Yeah, sure. Why not say that it is "most likely" that they will have a colony
on Mars by that time, too?

> dwarfing the entire rest of the electric car production rate (with the
> possible exception of China...).

Even at a million cars per year, Tesla would not dwarf the production of the
many other EVs that will come out in the next 3 years. I also don't see what
this has to do with Tesla being profitable and surviving as a company.

> But exponential ramp-ups tend to catch people off-guard after hearing small
> numbers at the beginning of the ramp and early delays.

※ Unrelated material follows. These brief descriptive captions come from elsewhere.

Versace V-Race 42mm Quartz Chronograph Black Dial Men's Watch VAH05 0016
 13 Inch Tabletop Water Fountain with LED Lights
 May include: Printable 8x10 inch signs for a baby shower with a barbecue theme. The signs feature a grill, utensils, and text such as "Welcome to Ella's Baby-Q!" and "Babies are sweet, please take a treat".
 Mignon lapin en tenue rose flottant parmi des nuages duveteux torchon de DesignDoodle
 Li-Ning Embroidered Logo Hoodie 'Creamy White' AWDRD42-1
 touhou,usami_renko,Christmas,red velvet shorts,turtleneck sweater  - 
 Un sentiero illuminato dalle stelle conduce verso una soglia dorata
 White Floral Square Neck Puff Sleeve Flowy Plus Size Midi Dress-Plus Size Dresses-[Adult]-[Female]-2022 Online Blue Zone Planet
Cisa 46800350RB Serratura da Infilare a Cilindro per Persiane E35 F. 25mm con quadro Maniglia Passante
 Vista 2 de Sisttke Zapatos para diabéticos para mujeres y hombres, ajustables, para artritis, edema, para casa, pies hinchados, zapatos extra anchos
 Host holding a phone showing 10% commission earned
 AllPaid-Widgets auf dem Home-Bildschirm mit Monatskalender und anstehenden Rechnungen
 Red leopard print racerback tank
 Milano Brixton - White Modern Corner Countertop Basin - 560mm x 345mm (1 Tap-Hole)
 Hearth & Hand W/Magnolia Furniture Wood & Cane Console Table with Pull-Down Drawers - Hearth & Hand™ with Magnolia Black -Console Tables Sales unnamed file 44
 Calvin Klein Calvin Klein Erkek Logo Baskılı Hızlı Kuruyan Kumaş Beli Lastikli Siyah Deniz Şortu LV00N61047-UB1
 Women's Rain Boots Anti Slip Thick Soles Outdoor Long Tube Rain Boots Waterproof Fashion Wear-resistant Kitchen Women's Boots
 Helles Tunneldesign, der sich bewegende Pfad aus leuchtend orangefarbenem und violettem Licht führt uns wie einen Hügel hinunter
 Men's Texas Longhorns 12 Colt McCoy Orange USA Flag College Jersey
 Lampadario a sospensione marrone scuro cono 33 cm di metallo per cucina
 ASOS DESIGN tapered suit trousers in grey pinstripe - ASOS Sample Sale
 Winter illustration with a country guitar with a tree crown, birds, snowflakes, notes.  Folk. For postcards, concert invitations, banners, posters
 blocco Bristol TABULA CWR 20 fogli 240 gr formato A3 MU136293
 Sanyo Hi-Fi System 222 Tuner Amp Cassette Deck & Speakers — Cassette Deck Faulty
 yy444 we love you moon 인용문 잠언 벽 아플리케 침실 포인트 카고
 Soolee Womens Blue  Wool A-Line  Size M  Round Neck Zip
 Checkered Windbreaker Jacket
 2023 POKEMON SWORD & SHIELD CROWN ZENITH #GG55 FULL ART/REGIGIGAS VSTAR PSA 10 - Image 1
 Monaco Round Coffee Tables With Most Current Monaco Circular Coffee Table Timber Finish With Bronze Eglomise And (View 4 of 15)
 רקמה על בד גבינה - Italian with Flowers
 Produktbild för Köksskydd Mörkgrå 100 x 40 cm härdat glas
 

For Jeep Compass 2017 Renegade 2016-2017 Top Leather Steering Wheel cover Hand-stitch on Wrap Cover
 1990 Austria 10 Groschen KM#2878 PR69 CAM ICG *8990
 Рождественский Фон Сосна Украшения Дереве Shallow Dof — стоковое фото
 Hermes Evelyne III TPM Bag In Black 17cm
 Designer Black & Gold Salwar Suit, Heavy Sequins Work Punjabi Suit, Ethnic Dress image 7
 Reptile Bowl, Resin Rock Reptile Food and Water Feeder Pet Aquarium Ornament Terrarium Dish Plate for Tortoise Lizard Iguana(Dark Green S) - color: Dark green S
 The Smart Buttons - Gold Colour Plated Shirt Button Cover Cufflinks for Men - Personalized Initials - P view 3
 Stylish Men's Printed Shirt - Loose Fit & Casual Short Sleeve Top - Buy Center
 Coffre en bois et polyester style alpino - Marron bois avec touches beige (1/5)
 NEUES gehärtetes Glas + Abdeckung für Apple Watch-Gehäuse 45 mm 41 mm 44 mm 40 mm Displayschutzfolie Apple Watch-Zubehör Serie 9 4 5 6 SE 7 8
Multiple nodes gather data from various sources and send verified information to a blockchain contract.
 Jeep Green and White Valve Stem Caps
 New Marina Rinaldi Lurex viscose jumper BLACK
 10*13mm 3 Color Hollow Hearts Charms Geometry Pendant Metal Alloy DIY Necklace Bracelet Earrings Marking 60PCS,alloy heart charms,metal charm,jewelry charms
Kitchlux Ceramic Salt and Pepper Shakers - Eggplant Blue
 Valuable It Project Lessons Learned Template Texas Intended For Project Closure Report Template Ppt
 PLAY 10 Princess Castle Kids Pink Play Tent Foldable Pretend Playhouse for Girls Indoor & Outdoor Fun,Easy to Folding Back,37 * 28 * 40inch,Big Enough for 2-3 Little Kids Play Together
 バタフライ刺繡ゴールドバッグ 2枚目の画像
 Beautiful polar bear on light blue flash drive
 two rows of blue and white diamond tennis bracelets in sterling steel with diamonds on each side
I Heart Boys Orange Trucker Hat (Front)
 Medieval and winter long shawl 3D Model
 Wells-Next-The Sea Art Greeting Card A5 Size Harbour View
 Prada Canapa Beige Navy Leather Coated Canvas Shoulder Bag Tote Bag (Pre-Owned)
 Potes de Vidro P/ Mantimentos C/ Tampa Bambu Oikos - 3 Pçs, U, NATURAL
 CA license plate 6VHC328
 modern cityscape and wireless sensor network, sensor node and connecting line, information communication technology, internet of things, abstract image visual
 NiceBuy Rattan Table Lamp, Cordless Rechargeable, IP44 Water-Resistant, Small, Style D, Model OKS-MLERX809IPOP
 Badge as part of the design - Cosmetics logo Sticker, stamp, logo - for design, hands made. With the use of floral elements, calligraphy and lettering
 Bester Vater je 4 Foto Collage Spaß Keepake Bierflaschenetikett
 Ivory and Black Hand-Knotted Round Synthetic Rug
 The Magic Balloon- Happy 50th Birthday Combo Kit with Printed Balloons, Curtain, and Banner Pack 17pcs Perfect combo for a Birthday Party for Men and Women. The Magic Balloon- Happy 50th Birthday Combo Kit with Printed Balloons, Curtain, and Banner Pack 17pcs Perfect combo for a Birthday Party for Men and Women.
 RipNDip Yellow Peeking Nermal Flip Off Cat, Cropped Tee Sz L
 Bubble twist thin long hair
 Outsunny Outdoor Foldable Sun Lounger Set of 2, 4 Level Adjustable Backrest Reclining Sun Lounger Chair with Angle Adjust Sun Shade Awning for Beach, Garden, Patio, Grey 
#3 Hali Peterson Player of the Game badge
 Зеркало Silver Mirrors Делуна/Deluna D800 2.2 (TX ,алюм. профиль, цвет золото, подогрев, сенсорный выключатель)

However, exponential ramp ups are not typical with a product as complex as a
car and Tesla has shown no ability to actually pull it off. Tesla is the least
automated mass-producting car manufacturer. Tesla currently requires 35 (yes,
thirty-five!) workers per car produced per day. This is ten times of what is
normal in the automotive industry. Going by their own numbers, they have shown
a sustained output below 800 cars per week, with only managing to produce 2020
briefly in the 7 day period ending on April 2nd. And this is after they
installed an entirely new production line and made a company-wide all hands on
deck push that is not sustainable.

I'm not saying Tesla is going to crash and burn tommorrow. They still have
some chance of making it through these hard times, if investors' and
creditors' confidence holds up. But just handwaving away the massive headwinds
they face isn't sensible, either.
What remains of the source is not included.